80. Los desconocidos de siempre

En el séptimo piso Etchenaik sólo encontró una puerta amarilla con innumerables marcas de dedos alrededor del picaporte. Junto al zócalo, una lata de duraznos con una plantita seca era el único signo de que se trataba del acceso a una casa y no a una jaula o depósito de desperdicios. Del ángulo opuesto a la puerta amarilla salía una escalera de cemento con una sola baranda de hierro. En el extremo de la escalera estaba el cielo.

Subió y se encontró con la terraza. La puerta que habitualmente ocultaba las nubes parecía un papel arrugado contra la chimenea cubierta de hollín. Había una llanta vieja, un triciclo oxidado, cajones de cerveza, alambres retorcidos. Eran los restos de un naufragio, objetos unidos por la casualidad y el deterioro.

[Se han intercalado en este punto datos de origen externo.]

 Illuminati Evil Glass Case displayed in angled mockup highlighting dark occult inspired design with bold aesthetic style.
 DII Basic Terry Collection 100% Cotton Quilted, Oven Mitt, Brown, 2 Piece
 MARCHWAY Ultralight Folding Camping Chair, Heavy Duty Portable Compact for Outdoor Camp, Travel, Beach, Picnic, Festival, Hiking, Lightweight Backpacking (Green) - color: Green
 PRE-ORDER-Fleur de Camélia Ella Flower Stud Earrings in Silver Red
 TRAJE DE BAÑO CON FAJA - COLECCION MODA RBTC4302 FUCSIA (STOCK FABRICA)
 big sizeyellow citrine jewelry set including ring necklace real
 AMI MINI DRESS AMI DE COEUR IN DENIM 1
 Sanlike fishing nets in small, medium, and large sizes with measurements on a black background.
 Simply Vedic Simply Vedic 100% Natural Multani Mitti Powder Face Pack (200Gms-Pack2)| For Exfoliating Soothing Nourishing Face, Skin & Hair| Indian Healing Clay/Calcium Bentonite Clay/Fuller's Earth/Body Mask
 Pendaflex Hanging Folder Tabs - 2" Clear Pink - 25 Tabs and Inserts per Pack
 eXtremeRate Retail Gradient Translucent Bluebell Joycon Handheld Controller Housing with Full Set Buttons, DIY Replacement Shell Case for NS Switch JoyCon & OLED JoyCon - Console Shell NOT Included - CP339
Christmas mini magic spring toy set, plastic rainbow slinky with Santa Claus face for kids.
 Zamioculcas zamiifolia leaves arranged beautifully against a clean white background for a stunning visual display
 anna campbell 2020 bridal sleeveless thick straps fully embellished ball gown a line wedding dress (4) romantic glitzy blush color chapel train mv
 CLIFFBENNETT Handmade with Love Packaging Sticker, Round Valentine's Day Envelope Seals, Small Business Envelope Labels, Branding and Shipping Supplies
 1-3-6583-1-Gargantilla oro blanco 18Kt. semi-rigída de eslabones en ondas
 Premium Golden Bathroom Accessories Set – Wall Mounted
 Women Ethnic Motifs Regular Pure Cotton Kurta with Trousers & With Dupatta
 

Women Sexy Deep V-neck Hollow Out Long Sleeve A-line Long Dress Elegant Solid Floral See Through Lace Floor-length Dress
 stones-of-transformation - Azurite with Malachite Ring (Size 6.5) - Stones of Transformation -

La cúpula tenía una sola puerta de metal, entreabierta. El sol daba contra los vidrios de colores, el alambre del pararrayos se agitaba frente a la ventana. Etchenaik se acercó lentamente pegado a la pared y con una patada precisa abrió la puerta, que fue y volvió con un pestañeo violento. El ruido hizo volar a las palomas, que brotaron con el sosegado escándalo acostumbrado. Adentro, los papeles que estaban sobre la mesa pintada de rosa se dispersaron. Algunos todavía no habían tocado el piso cuando ya Etchenaik estaba ahí, el revólver en el aire.

Parado en medio de la habitación vacía miró a su alrededor y recordó la escena de una película francesa: él era un oficial SS, los «maquis» lo esperaban pegados al suelo del entrepiso; subía así por la escalera caracol y al asomar medio cuerpo era recibido por una ráfaga de ametralladora. Ahora caía hacia atrás golpeándose con los escalones de hierro mientras los impactos lo perseguían para rematarlo y saltaban los pedazos de revoque que sentía sobre la cara. Los otros pasaban sobre su cadáver, corrían junto a la cama, destrozaban las almohadas para sacar las armas ocultas, guardaban los papeles en bolsones mal cerrados, huían entre maldiciones dejando un vino inconcluso, la calidez del humo.

Se sentó en la cama deshecha y un momento después oyó pasos apurados. Se asomó y vio al gallego que llegaba quejoso y dolorido.

– Se te escaparon, gil -dijo Tony cuando estuvo junto a él.

– Yo subía y ellos bajaban. ¿Y vos?

– Los perdí en seguida y no llegué a tomar la chapa. Cuando nos paró el semáforo de Córdoba, ellos pasaron y el tachero no quiso seguir. Entonces me bajé y allá se quedó puteando.